Кроме того, она всегда красива.

Знаю, что это не черта характера, но если бы Эффи была героем фильма, это непременно было бы отражено в сценарии. На ее лицо все обращают внимание в первую очередь, в отличие от нее самой.

Это совершенно неразумно, и, когда через годик я расцвету и стану выглядеть как она, собираюсь использовать это преимущество по полной.

Разбитые сердца, куда ни глянь.

– Ничего подобного, – фыркает Мерси, пристально глядя на меня, – потому что в воскресенье у меня есть дела поинтереснее, чем смотреть, как моя противная младшая сестра строит глазки этому прыщавому продавцу мороженого.

– Во-первых, – терпеливо объясняю я ей, – я не строила глазки, а смотрела загадочным взором, цель которого – пленять и очаровывать. А во-вторых, его прыщи, очевидно, скоро пройдут, потому что я видела на щеках много корочек. Что, съела?

Я победно скрещиваю руки на груди.

Мерси закрывает лицо рукой, а Эффи говорит:

– Мы подъезжаем к воротам, пожалуйста, перестаньте цапаться, ну хотя бы на… сорок пять секунд. Будьте так добры. Веселые выражения лиц на…

Машина скрипит колесами, останавливаясь.

– Йо-хо-хо, – кричит Макс, распахивая дверь и с улыбкой просовывая в машину свою коротко остриженную голову. – Кажется, три ведьмы на денек отвратились от своих метел. В чем секрет, мои болтушки?

Все, что нужно сказать вам о моем девятнадцатилетнем старшем брате, – это то, что он слишком буквально воспринимает свое имя.

– Какого черта…

– Что за слова, Русалочка? – смеется Макс, перелезая через сестру и усаживаясь в противоположном углу машины; из его драных джинсов торчат загорелые коленки. – Ты не рада видеть меня, сестричка? Конечно, рада. Точно рада. Смотри, как расплывается твое лицо в улыбке при одном взгляде на меня.

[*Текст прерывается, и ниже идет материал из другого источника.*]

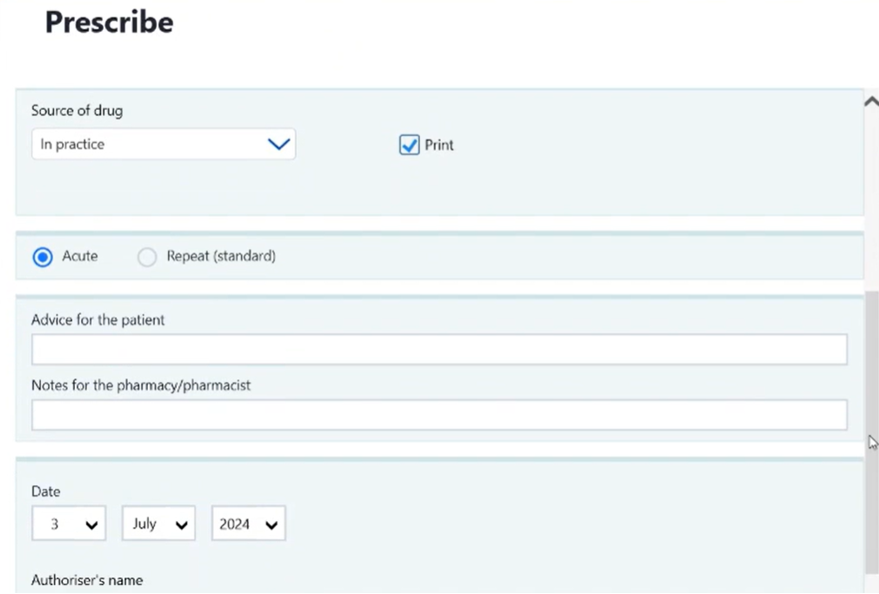 RBAC Prescribing – Acute Items 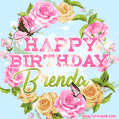 Beautiful Birthday Flowers Card for Brenda with Animated Butterflies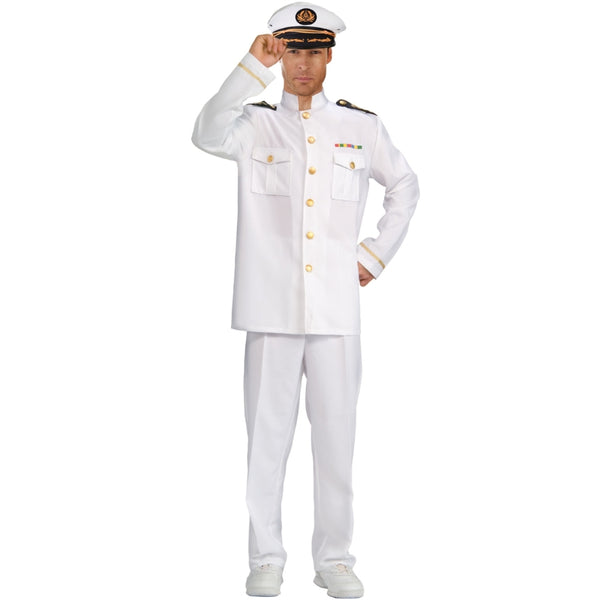 Adult Navy Captain Cruise costume in white with gold trim – jacket and trousers by Dr Toms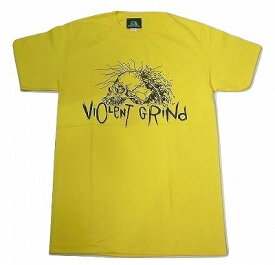 VIOLENT GRIND バイオレントグラインド 定番 グラインドパス フロントプリント Tシャツ 黄 イエロー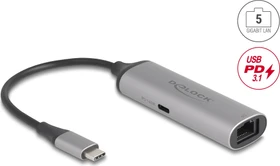 DeLOCK 5G LAN-Adapter mit Power Delivery, RJ-45, USB-C 3.1 [Stecker] (81591)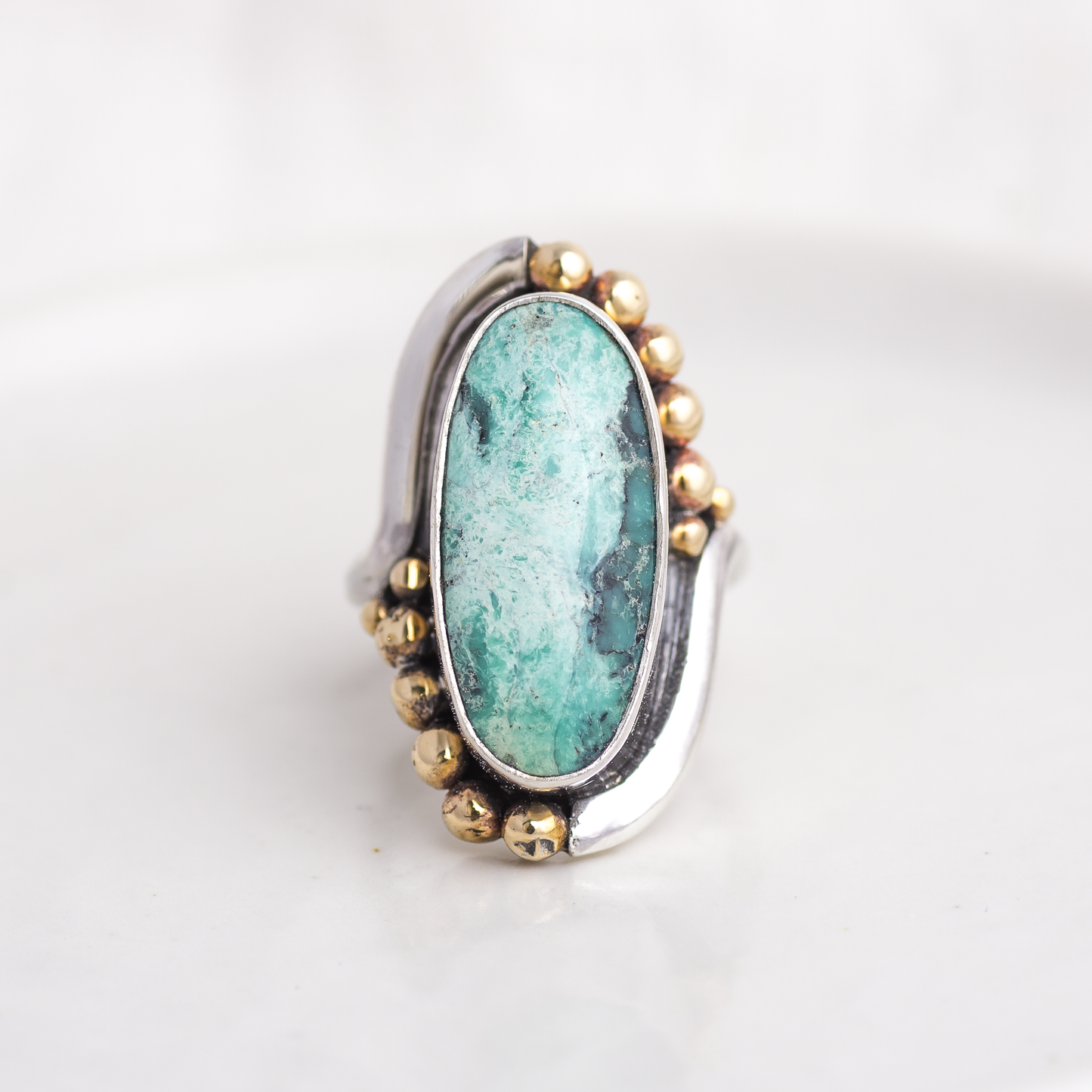 Mixed Metal Origin Embrace Ring ◇ Crescent Lake Variscite ◇ Size 7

Он наклоняется вперед и пальцами растягивает губы Мерси в страшную, как из фильма ужасов, улыбку.

Она щиплет его в ответ.

– Ну почему же ты так меня раздражаешь?!

– Кто знает… – Макс откидывается на сиденье и ленивым жестом заводит скрещенные руки за голову, размышляя над вопросом. – Хочется сказать, что это дар богов, но не буду врать: я просто брал по ночам специальные уроки. Они хорошо тренируют такие навыки.

Потом он широко зевает, так что становятся видны все его зубы, гланды и ниточка слюны; и не теряет при этом своего очарования.

– А что значит «отвратились»? – спрашиваю я, наклонившись к нему.

– Это когда происходит что-то отвратительное, Медвежонок. – Брат улыбается и взлохмачивает мои кудряшки. – Кстати, должен предупредить: там просто тьма журналюг и папарацци. Но не трусьте, сестрички, я уже там побывал и закинул им кое-что на закуску. Как мы все держимся друг за друга, подставляем друг другу плечо в это тяжелое время и так далее, и тому подобное…

Он злорадно улыбается, а Фейт с Мерси переглядываются.

Так вот почему на Максе зеркальные солнцезащитные очки, хотя сейчас дождь, уже разошедшийся не на шутку. (На самом деле и до этого мои волосы уже не сияли на солнце – это был просто результат работы отдела спецэффектов в моем мозгу.)

– Боже, Макс, – шипит Мерси, очевидно, злясь на то, что первая не додумалась так поступить, – ты так стремишься к славе?